== What you have to do ==
The expected output is the full data, repeated exactly, without pictures.

== Given records ==
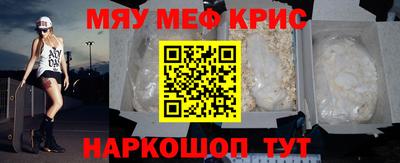 герыч Гусев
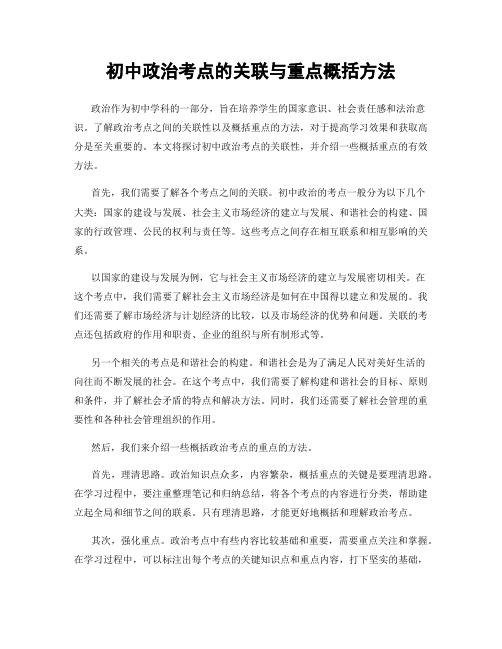 初中政治考点的关联与重点概括方法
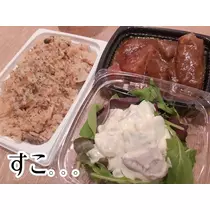 ちょこ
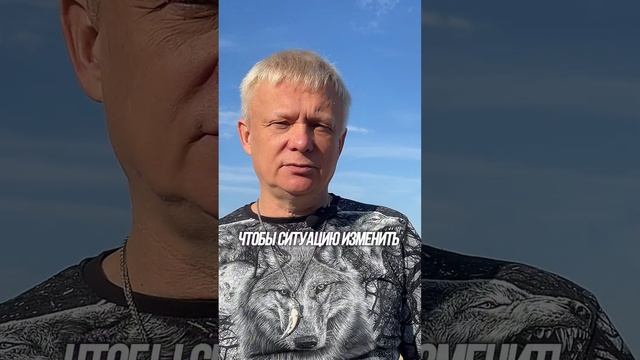 Что делать когда детство без отца смотреть онлайн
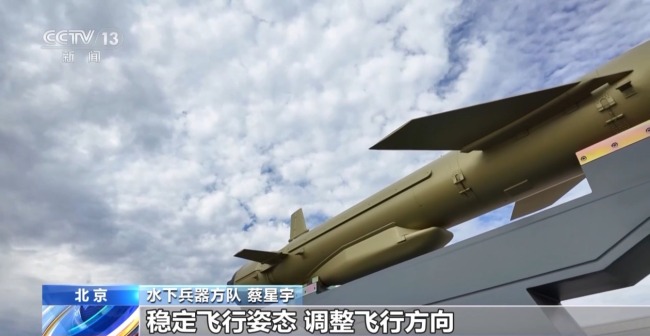 水下兵器揭秘！阅兵场上的“土豪金”“水下刺客”都是啥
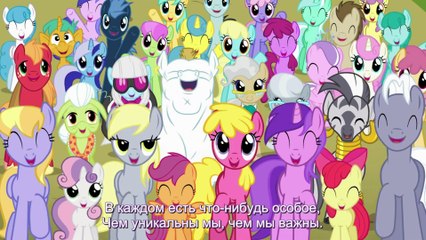 26. Let the Rainbow Remind You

== Answer box ==
 герыч Гусев
 初中政治考点的关联与重点概括方法
 ちょこ
 Что делать когда детство без отца смотреть онлайн
 水下兵器揭秘！阅兵场上的“土豪金”“水下刺客”都是啥
 26. Let the Rainbow Remind You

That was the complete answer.